But analysts say the federal government’s $10-billion commitment to a container port expansion in Delta, B.C., as part of the MOU means that Roberts Bank Terminal 2 (RBT2) is critical to the project, too.
Prime Minister Mark Carney said the federal investment into the expansion would unlock $100 billion in new trade capacity, while adding about $3 billion to Canada’s economy each year.
And as officials announced later Thursday that any new pipeline would flow through southern B.C. and end at Roberts Bank, analysts say the route and accompanying upgrade to the port expansion means the pipeline is now much more of a sure thing.
“Going south follows a corridor where there’s already a great deal of knowledge and a lot of infrastructure to work from,” Richard Masson, an energy consultant and former CEO for the Alberta Petroleum Marketing Commission, said.
Masson pointed to the decades-old Trans Mountain Pipeline, and its associated agreements with local communities and First Nations reached over years, as a “very good base” for any pipeline proponent taking the southern route to work off.

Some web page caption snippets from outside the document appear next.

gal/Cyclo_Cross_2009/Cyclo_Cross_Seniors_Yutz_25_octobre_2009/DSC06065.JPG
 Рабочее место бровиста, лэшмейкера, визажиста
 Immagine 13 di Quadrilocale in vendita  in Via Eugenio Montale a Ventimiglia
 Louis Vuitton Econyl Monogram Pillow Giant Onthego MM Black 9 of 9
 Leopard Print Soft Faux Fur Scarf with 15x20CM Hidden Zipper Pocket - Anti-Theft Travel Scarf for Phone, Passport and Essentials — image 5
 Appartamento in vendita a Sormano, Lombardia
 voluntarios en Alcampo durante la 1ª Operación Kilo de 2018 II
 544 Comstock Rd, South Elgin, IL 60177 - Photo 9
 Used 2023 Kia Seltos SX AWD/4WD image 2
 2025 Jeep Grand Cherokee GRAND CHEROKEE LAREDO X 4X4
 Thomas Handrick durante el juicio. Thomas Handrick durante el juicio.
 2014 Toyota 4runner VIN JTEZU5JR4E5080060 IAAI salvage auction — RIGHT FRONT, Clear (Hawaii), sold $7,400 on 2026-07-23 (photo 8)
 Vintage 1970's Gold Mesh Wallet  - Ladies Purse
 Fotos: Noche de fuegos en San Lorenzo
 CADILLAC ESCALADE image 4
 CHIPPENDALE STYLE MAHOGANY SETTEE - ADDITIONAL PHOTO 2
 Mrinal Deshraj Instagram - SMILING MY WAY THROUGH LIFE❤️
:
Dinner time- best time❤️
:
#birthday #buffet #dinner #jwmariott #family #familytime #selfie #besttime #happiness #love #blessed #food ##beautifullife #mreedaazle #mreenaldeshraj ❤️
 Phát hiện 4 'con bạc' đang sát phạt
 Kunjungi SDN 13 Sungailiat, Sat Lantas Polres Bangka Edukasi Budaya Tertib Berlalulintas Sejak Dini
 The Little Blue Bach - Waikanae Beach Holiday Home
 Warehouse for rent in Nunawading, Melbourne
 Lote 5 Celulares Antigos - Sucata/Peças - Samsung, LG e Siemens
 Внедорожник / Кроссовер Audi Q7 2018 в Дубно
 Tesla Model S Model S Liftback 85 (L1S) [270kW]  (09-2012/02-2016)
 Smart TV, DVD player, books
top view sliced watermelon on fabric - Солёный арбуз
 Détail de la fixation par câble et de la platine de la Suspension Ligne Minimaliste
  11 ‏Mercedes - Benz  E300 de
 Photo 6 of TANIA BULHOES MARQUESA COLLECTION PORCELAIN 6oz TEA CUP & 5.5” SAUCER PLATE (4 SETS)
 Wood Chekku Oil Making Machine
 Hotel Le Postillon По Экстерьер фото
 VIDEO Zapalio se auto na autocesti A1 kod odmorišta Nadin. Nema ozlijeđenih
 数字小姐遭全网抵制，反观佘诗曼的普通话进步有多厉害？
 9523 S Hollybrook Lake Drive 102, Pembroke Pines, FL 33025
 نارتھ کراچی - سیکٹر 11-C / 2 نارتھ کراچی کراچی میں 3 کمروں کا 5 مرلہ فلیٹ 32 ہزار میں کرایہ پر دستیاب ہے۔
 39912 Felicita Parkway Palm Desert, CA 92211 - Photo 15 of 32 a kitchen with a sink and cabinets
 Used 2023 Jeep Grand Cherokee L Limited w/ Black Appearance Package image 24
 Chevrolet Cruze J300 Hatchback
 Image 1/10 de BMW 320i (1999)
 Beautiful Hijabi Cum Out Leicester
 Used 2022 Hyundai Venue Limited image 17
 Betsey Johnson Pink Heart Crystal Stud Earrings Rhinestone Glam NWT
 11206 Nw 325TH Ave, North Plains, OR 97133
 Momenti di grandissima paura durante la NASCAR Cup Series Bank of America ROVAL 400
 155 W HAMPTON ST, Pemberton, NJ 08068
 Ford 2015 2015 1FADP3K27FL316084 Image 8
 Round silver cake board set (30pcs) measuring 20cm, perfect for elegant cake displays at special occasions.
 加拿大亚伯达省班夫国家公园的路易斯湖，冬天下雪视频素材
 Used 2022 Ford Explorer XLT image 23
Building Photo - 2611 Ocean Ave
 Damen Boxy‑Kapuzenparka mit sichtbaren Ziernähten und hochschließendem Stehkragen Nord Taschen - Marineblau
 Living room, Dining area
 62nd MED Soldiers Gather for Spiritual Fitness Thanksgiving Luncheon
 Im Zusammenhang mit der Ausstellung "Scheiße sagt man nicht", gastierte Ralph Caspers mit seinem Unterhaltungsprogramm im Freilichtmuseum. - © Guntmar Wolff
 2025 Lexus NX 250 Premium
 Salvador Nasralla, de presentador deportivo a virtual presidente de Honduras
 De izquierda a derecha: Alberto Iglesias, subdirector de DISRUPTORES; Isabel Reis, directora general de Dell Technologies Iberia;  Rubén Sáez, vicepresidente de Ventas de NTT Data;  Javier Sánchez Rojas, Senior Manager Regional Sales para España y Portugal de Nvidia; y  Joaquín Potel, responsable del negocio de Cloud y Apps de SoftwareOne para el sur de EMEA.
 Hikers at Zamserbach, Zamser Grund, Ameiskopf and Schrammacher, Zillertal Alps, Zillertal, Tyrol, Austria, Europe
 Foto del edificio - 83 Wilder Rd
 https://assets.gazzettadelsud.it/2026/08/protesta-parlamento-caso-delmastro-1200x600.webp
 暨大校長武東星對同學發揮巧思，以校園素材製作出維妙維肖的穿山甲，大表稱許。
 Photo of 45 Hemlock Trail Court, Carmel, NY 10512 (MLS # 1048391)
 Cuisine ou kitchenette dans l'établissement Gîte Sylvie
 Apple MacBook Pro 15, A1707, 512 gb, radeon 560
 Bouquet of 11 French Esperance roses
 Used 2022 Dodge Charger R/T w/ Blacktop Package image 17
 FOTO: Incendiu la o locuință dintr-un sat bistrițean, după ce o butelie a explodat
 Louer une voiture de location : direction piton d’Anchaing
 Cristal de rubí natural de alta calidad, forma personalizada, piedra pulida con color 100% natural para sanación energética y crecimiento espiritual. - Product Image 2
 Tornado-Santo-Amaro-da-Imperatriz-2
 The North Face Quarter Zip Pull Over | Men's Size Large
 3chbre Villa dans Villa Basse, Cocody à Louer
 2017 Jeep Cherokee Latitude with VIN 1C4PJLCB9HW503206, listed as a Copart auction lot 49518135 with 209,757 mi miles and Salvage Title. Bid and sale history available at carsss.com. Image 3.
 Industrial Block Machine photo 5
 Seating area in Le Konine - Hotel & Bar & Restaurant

As the Liberal government agreed to uphold the oil tanker ban on B.C.’s North Coast, Conservative Leader Pierre Poilievre called the moratorium ‘ridiculous,’ saying that ‘the best way to diversity is by permitting a pipeline’ to Prince Rupert or Kitimat, B.C.
Indeed, the federally-owned Trans Mountain Corporation is set to plan and construct the new pipeline, working closely with the Pembina Pipeline Corporation.
But the lack of a northern route continues to have critics — with Conservative Leader Pierre Poilievre saying a northern route would allow Canada to access Asian markets far easier.
Poilievre told a news conference that it “takes about 36 hours less time to get to Asia from northern B.C. as it does from southern B.C.” due to geography and the curvature of the earth — reasons he believes “the best place to put a pipeline is to Prince Rupert or Kitimat.”
But Masson said he had yet to see capital cost estimates for either a northern route or southern route.
Prime Minister Mark Carney says his government is committed to ‘maintaining’ the federal tanker ban on B.C.’s North Coast. At a press conference with B.C. Premier David Eby, Carney said the moratorium will stay in place ‘in accordance’ with any proposed route for a new oil pipeline from Alberta.
He said arguments that a northern route would be more efficient were “pure speculation” at this point.
“Once oil is on a tanker, the difference between Vancouver or Prince Rupert going to Asia is probably a few cents because it’s very inexpensive to move oil on a tanker,” he said.
“The key is how big is the tanker. So if we could see Roberts Bank as the port — and it allows for VLCC (very large crude carriers) — then that’s the the best way to be efficient and and that would be great for Canada.”
Challenge to project
The RBT2 expansion is not without its critics, even as the Vancouver Fraser Port Authority argues it is vital to strengthen Canada’s trade infrastructure.
Last year, a Federal Court judge dismissed a lawsuit by environmental groups that said the expansion project would destroy vital chinook salmon habitat, threatening the survival of southern resident killer whales that rely on salmon for food.

In a statement on Thursday, the Wilderness Committee — one of the groups that filed the lawsuit — said the RBT2 project would lead to increased tanker traffic and the risk of a devastating oil spill.
“Prime Minister Carney is showing us his enthusiastic willingness to accept and fund the extinction of endangered species and a future where oil and private profit are more valuable than the entire Salish Sea ecosystem,” said Lucero González, a campaigner with the group.
While the federal government has committed $10 billion to the RBT2 project and the expansion of the Port of Vancouver trade corridor, the Wilderness Committee said the RBT2 project has yet to receive its final federal permit under the Species at Risk Act.
Laura Jones, the CEO of the Business Council of B.C., said the federal funds for the Port of Vancouver expansion showed that there was a commitment from Ottawa to diversify trade — something she argued was critical given political headwinds.
“Earlier this week, the U.S. made it clear they’re going year-by-year now with the Canada-U.S.-Mexico Agreement,” he said.
“And so we don’t have the stability and the certainty that we once had with our biggest trading partner.”